I know $\varphi{(n)}\le n$,and I know $$\sigma{(n)}\varphi{(n)}<n^2$$ ,But at last I can't 
 A: Things become - in my opinion - a little nicer to write if we divide the inequality by $n^2$ to obtain
$$\frac{\sigma(n)}{n}\cdot \frac{\varphi(n)}{n} > 1 - \frac{1}{n}.$$
Both, $\sigma$ and $\varphi$ are multiplicative functions, and therefore $n \mapsto \frac{\sigma(n)}{n}\cdot \frac{\varphi(n)}{n}$ is multiplicative too, so it is helpful to know how that behaves for prime powers. For a prime power $p^k$, we have
$$\sigma(p^k) = \sum_{j=0}^k p^j = \frac{p^{k+1}-1}{p-1}, \quad \varphi(p^k) = p^{k-1}(p-1),$$
and therefore
$$\frac{\sigma(p^k)}{p^k}\cdot \frac{\varphi(p^k)}{p^k} = \frac{(p^{k+1}-1)p^{k-1}}{p^{2k}} = \frac{p^{k+1}-1}{p^{k+1}} = 1 - \frac{1}{p^{k+1}}.$$
Thus, for $n \geqslant 2$, we obtain
$$\frac{\sigma(n)\varphi(n)}{n^2} = \prod_{p\mid n}\left(1 - \frac{1}{p^{v_p(n)+1}}\right),\tag{1}$$
where $v_p(n)$ is the multiplicity of $p$ in the prime factorisation of $n$.

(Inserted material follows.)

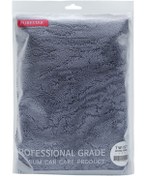 Resim MF SuperClean Purestar Mikrofiber Oto Kurulama Havlusu 70x90 Cm Gri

All factors on the right hand side of $(1)$ are smaller than $1$, so to have
$$\frac{\sigma(n)\varphi(n)}{n^2} > 1 - \frac1n,$$
we must have
$$1 - \frac{1}{p^{v_p(n)+1}} > 1 - \frac{1}{n}\tag{2}$$
for all primes $p$ dividing $n$. By elementary manipulations, $(2)$ is equivalent to
$$p^{v_p(n)+1} > n,$$
or
$$p > \frac{n}{p^{v_p(n)}}.\tag{3}$$
If $n$ is not a prime power, then $(3)$ cannot hold if $p$ is the smallest prime dividing $n$, since then $\frac{n}{p^{v_p(n)}}$ is the product of powers of primes larger than $p$ and is $> 1$.
For $n$ a prime power, on the other hand, $(3)$ becomes $p > 1$, which is true.
Hence: For an integer $n \geqslant 2$, we have
$$\sigma(n)\varphi(n) > n^2 - n$$
if and only if $n$ is a prime power.